Sin embargo, queda sobre el tapete un interrogante de no poca monta. La cuestionada, sencillez de la anécdota narrada, ¿es de veras el signo del decaimiento de la inspiración de Allen o es, por el contrario, una hábil jugarreta para despistar a quienes emiten sus juicios basados en las apariencias en lugar de tomarse el trabajo de darle dos vueltas a la cuestión para advertir la genuina complejidad de esta suerte de charada a propósito de los grandes y eternos enigmas del devenir humano?

No es posible proporcionar una respuesta irrebatible. Dependerá de cada quien elegir la suya de acuerdo a sus propios criterios frente a lo contado y a la manera de contarlo.
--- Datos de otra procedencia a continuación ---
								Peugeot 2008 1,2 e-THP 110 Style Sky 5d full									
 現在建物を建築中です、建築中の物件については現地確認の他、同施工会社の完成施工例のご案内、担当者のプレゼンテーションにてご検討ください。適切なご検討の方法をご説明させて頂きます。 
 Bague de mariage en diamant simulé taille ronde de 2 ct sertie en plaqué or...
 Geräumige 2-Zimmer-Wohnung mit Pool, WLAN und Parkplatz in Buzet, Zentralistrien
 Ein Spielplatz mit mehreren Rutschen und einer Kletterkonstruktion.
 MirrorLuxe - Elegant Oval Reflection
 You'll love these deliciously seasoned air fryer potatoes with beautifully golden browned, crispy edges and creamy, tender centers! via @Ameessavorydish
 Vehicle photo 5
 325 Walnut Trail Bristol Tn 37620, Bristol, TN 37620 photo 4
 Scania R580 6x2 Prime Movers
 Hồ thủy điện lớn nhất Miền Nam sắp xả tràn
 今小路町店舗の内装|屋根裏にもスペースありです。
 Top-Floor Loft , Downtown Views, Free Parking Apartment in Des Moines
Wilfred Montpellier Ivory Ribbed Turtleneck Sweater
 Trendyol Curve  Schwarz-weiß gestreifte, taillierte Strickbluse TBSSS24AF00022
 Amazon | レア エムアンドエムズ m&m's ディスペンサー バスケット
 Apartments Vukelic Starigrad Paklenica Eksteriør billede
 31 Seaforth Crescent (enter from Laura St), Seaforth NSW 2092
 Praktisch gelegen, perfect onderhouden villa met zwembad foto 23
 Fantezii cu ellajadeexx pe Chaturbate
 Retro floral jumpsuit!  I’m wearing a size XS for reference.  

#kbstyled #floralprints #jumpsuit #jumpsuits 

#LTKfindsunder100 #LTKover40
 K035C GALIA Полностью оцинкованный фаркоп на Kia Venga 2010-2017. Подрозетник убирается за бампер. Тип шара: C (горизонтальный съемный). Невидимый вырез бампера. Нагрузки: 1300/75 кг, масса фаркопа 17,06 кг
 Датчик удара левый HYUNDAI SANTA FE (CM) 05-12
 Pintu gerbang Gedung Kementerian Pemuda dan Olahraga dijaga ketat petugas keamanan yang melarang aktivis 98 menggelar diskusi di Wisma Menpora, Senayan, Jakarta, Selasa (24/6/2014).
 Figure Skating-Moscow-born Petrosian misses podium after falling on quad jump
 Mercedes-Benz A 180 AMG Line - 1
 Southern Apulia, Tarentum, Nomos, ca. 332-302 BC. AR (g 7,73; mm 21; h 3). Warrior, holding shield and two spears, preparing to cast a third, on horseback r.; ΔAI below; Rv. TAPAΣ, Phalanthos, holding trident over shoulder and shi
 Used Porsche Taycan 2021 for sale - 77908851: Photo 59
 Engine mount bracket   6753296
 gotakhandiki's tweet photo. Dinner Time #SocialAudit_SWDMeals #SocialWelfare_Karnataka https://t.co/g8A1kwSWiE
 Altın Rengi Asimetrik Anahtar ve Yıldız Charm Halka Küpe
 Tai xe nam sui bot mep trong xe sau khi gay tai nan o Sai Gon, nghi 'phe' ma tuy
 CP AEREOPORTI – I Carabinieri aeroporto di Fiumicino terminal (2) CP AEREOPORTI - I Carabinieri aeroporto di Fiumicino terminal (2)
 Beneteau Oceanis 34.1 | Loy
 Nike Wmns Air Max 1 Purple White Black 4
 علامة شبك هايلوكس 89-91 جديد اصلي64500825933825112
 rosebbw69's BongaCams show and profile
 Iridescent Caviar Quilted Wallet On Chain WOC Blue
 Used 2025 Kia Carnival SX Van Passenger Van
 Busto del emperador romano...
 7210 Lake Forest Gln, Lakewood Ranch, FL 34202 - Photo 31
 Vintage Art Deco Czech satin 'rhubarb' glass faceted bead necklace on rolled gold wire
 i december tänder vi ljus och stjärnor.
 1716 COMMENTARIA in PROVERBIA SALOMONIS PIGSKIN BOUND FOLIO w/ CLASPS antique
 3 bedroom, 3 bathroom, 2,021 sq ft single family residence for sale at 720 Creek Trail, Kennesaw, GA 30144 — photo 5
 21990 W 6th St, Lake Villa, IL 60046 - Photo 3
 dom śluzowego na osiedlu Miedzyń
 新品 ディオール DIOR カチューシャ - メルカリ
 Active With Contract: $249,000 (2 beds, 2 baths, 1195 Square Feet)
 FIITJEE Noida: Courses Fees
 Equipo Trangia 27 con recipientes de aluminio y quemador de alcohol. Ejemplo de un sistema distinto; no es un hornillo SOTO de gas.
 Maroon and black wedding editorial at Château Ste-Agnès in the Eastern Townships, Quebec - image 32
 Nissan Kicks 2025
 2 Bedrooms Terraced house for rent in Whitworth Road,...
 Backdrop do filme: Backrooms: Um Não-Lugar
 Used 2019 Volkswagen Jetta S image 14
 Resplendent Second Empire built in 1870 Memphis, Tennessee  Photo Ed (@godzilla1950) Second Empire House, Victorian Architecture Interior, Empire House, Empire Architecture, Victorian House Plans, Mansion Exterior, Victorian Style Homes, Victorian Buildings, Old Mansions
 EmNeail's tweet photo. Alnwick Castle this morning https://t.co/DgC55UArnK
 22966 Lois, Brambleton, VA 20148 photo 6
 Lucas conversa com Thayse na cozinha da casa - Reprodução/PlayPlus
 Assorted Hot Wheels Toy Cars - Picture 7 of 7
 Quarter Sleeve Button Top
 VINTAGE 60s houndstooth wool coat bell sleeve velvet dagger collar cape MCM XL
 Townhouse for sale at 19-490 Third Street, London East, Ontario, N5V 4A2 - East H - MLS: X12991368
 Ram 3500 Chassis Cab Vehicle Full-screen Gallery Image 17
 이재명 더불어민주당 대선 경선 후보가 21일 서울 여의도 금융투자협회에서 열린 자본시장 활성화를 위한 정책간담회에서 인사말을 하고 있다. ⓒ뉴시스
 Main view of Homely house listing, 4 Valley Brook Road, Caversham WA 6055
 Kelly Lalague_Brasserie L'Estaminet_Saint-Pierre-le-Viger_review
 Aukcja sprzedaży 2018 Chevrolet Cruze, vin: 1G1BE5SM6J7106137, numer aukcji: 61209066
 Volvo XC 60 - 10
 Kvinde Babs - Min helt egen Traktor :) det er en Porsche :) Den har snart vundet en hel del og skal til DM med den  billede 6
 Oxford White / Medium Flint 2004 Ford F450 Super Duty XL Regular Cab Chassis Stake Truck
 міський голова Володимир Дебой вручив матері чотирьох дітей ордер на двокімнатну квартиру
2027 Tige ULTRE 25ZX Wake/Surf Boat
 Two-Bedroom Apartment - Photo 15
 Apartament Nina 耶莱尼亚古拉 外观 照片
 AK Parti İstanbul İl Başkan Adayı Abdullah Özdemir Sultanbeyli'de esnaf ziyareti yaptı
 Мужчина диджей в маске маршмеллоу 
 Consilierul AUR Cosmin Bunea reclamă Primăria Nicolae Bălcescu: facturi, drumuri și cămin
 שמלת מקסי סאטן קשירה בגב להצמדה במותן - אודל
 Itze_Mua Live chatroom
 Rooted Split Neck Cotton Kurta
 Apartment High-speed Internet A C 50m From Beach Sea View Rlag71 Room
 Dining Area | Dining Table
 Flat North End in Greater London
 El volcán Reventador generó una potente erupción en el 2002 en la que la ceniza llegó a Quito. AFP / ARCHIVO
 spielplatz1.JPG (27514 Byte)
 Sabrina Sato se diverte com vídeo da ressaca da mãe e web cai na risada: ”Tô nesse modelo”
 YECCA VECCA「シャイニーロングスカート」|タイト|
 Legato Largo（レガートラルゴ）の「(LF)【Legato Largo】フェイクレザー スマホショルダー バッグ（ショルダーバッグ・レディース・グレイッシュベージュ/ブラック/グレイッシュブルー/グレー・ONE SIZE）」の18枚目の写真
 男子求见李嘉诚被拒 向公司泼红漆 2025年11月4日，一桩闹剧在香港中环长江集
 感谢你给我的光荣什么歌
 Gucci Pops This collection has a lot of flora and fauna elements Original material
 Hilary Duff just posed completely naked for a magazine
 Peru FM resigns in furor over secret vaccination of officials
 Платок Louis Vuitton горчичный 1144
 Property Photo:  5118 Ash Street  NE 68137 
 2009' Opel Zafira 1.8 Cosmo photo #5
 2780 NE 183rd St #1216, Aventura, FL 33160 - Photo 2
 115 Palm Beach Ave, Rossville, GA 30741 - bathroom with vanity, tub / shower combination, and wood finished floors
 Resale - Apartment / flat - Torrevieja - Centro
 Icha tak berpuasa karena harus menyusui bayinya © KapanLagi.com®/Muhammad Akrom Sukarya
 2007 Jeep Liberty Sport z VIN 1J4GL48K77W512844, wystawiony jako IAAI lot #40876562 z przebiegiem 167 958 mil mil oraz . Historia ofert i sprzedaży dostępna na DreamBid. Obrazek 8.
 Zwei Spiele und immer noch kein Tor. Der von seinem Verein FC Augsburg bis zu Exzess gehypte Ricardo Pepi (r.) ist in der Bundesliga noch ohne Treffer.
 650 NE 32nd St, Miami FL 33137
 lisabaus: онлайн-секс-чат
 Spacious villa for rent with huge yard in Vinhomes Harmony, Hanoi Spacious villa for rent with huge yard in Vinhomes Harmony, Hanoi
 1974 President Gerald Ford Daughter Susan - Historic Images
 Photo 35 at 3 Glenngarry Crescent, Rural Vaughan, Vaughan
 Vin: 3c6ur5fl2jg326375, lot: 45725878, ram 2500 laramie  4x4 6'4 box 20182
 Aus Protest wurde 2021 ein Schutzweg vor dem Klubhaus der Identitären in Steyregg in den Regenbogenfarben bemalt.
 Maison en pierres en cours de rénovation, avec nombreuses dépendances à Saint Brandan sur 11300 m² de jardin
Este dilema eleva a Magia a la luz de la luna por encima del grueso de la producción de los tiempos que corren, jugada sin disimulo a conseguir que la obviedad garantice una acogida lo más masiva posible, dispensando al respetable de cualquier esfuerzo para trasponer lo visible y mirar bajo la superficie.

Ficha técnica

Título original: Magic in the Moonlight. Dirección:  Woody Allen. Guión: Woody Allen. Fotografía: Darius Khondji.Montaje: Alisa Lepselter. Diseño: Anne Seibel. Arte: Jille Azis. Maquillaje: Véronique Boumaza,  Avril Carpentier. Música: Cole Porter, Igor Stravinsky, Maurice Ravel, Ludwig Van Beethoven, Mischa Spoliansky, Kurt Weill, Richard Rodgers, Milton Ager. Efectos: Didier Veuvas, Laurens Ehrmann. Producción: Letty Aronson, Raphaël Benoliel. Ron Chez, Helen Robin, Jack Rollins, Stephen Tenenbaum, Edward Walson. Intérpretes: Colin Firth, Antonia Clarke, Natasha Andrews, Valérie Beaulieu, Peter Wollasch, Jürgen Zwingel, Wolfgang Pissors, Sébastien Siroux, Simon McBurney, Ute Lemper, Catherine McCormack, Eileen Atkins, Erica Leerhsen, Jeremy Shamos, Hamish Linklater, Didier Muller, Emma Stone, Marcia Gay Harden, Jacki Weaver, Ronald Alphonse, Ronald Baker, Kelly Keto, Olivier Marchevet. EEUU/2014.